Laria Saunders creates digital photo-assemblage paintings, NFT’s and animated paintings that come alive to music.  Her paintings are uniquely assembled by collaging bits and pieces of texture photos that she acquires from walking on the street. On her iPhone, she uses 20-70 images per painting; layering, blending and incorporating texture, line, form and color into her palette.

Saunders explores the idea of humanity’s inherent artistic drive with Agape as interconnectivity and Eros of purpose; both evolving in increasing levels of creativity and self-awareness with the power to transform pain. The "column" central in many of her works, references this universal drive and is also personal and reflects her own willpower to overcome suffering. For over 21 years, she survived debilitating neurological pain; consequently most of her work was created bedridden, in the dark.

In Saunders’ New Orleans series, she utilizes hundreds of photos taken from NOLA's streets. The distinctive architecture, peeling paint, aging walls, vibrant colors are all incorporated and then animated into what she refers to as “a visual dance.”  The video paintings are influenced by a family of jazz musicians and aficionados and in this New Orleans series, she collaborates with her father, Theo Saunders; a jazz pianist, composer and arranger.

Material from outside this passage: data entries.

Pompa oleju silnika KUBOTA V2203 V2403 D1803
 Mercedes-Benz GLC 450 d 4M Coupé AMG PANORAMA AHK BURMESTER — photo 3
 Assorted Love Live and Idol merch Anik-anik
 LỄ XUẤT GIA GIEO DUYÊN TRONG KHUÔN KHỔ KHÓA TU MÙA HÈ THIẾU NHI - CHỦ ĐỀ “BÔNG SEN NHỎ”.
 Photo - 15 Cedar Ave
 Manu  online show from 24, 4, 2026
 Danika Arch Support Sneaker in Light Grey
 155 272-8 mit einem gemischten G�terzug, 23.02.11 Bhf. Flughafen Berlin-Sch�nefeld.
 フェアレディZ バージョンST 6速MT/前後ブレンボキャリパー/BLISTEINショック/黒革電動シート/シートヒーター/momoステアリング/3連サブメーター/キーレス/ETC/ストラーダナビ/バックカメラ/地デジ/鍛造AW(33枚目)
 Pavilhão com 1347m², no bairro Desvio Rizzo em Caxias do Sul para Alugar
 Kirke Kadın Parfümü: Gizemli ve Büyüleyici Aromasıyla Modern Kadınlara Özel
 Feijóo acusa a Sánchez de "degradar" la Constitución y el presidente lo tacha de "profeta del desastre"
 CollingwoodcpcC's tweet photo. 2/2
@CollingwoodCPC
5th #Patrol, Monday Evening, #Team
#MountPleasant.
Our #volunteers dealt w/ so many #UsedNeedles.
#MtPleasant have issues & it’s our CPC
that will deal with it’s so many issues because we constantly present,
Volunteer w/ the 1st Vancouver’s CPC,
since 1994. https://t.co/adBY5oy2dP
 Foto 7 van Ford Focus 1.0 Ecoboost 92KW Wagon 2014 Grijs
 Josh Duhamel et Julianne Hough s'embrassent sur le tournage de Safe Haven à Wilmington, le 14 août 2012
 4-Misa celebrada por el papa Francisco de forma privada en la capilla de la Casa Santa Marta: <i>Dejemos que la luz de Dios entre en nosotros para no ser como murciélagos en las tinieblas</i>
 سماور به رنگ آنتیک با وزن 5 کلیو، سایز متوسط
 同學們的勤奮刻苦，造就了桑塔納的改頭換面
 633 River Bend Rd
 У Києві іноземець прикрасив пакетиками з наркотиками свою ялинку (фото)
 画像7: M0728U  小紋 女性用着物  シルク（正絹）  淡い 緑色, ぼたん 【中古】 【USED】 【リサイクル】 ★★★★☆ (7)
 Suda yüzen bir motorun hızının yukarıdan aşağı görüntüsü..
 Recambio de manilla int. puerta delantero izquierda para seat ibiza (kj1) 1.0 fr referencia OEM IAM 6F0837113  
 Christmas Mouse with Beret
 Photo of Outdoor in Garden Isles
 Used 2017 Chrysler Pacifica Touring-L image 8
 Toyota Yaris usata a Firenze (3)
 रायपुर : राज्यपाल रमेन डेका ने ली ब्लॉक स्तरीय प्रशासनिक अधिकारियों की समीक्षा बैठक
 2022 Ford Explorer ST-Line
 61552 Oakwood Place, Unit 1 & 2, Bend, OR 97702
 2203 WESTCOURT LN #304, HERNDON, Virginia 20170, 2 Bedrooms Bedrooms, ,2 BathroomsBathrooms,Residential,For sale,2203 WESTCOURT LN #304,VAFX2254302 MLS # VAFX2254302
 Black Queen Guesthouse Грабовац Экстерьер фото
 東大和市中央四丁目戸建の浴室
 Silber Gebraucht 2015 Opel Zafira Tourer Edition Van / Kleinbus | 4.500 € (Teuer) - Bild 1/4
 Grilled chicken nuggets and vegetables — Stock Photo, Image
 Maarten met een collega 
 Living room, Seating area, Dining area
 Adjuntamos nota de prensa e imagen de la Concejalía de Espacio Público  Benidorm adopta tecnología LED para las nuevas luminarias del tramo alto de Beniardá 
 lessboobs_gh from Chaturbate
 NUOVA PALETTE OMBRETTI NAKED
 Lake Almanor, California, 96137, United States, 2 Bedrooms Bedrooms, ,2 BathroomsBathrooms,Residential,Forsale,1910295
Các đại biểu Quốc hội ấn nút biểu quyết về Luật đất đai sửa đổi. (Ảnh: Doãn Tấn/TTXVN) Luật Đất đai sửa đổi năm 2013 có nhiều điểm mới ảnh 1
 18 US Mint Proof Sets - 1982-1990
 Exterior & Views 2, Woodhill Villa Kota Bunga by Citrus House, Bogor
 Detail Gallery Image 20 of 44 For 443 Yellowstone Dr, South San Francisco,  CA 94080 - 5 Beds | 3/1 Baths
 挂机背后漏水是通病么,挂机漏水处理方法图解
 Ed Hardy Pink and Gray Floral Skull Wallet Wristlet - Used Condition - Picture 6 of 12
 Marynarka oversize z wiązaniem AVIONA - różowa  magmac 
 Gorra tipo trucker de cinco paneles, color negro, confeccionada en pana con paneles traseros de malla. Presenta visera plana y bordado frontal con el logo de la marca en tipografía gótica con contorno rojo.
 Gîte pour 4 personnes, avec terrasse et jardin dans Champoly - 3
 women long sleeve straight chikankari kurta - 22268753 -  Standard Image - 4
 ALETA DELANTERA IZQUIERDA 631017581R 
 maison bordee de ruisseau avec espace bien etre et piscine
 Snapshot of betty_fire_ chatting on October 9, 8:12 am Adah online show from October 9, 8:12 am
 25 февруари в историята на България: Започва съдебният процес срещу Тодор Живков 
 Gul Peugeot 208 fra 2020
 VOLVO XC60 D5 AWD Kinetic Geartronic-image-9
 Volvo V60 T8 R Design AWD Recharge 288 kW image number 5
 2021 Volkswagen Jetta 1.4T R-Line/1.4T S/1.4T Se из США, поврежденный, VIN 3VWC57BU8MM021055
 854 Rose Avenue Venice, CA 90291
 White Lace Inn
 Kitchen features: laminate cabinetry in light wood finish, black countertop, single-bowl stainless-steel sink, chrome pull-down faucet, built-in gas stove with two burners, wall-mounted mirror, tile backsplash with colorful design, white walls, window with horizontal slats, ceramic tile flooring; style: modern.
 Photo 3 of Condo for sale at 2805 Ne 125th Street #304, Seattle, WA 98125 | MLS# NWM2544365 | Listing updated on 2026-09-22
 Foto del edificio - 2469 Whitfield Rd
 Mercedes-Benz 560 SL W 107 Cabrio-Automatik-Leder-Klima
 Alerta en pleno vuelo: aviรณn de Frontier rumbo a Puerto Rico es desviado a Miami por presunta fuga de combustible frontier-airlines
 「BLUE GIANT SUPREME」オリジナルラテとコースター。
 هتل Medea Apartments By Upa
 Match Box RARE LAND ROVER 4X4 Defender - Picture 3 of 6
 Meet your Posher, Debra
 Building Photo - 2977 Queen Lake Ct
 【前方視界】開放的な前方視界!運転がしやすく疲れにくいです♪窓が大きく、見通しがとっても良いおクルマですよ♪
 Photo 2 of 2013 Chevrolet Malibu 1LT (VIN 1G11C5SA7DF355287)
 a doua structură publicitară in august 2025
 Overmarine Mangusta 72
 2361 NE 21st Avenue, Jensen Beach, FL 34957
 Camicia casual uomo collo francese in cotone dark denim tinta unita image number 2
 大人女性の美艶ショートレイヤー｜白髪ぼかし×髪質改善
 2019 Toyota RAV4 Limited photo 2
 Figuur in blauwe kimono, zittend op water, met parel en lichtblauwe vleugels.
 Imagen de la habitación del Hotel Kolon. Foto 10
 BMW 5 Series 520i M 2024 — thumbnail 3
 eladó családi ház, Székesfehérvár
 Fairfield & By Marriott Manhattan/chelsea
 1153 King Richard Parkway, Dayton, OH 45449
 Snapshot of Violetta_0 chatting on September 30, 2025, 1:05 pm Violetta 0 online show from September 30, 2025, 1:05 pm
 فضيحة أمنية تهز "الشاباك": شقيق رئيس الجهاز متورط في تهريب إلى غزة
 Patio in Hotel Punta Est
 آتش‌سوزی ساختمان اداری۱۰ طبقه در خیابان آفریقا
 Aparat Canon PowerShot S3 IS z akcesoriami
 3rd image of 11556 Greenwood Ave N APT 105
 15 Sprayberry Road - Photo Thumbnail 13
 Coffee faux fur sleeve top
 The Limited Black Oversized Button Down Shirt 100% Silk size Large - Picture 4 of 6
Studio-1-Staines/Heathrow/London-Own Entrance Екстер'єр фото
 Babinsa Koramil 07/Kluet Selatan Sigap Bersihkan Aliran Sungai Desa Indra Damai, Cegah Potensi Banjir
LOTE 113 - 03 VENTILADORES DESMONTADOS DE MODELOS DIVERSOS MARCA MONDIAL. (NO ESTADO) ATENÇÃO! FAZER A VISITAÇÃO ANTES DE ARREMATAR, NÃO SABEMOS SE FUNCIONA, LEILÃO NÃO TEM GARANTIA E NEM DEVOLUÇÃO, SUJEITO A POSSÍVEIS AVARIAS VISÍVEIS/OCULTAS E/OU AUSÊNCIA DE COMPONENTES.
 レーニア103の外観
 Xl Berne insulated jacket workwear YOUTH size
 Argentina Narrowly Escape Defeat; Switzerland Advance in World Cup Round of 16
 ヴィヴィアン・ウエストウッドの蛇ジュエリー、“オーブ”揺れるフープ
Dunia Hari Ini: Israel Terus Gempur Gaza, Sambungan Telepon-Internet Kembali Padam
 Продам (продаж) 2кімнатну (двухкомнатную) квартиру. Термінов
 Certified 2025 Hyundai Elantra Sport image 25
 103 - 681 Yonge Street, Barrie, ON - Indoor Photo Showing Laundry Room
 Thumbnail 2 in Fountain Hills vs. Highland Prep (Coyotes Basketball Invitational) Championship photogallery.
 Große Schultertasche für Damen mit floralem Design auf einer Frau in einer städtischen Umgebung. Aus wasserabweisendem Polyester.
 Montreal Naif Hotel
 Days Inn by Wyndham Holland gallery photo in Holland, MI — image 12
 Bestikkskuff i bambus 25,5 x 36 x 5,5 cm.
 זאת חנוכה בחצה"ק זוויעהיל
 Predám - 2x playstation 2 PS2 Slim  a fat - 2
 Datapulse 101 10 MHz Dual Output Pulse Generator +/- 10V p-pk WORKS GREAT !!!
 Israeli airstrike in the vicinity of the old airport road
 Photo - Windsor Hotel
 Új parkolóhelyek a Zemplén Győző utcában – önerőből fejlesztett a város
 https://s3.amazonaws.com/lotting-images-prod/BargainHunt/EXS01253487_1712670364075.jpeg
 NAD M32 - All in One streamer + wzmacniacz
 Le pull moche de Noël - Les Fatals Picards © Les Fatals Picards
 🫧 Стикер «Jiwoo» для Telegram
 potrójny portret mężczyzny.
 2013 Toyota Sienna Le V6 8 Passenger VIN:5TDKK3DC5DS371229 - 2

Saunders has lived in Boston, New York, California and India and currently resides in central Mexico.  As a former award-winning photographer and dancer, she turned to the digital space ten years ago, as a way to depict invisible pain through a series of self-portraits. She then found solace in the abstract arena and explains, “The abstract space is poetically similar to dance; the accents, fields and valleys are open to interpretation and have an alternate rhythm, cadence and consciousness to the figurative space.”

Saunders is a self-taught artist from four generations of painters and performers. She received a Bachelor of Arts from University of California - Los Angeles in World Arts and Culture. Due to her decades-long struggle with pain, Saunders is a newcomer to the art world, but her body of work spans ten years. Her paintings have been collected by Google, Microsoft, Warner Media and Sony Pictures Entertainment.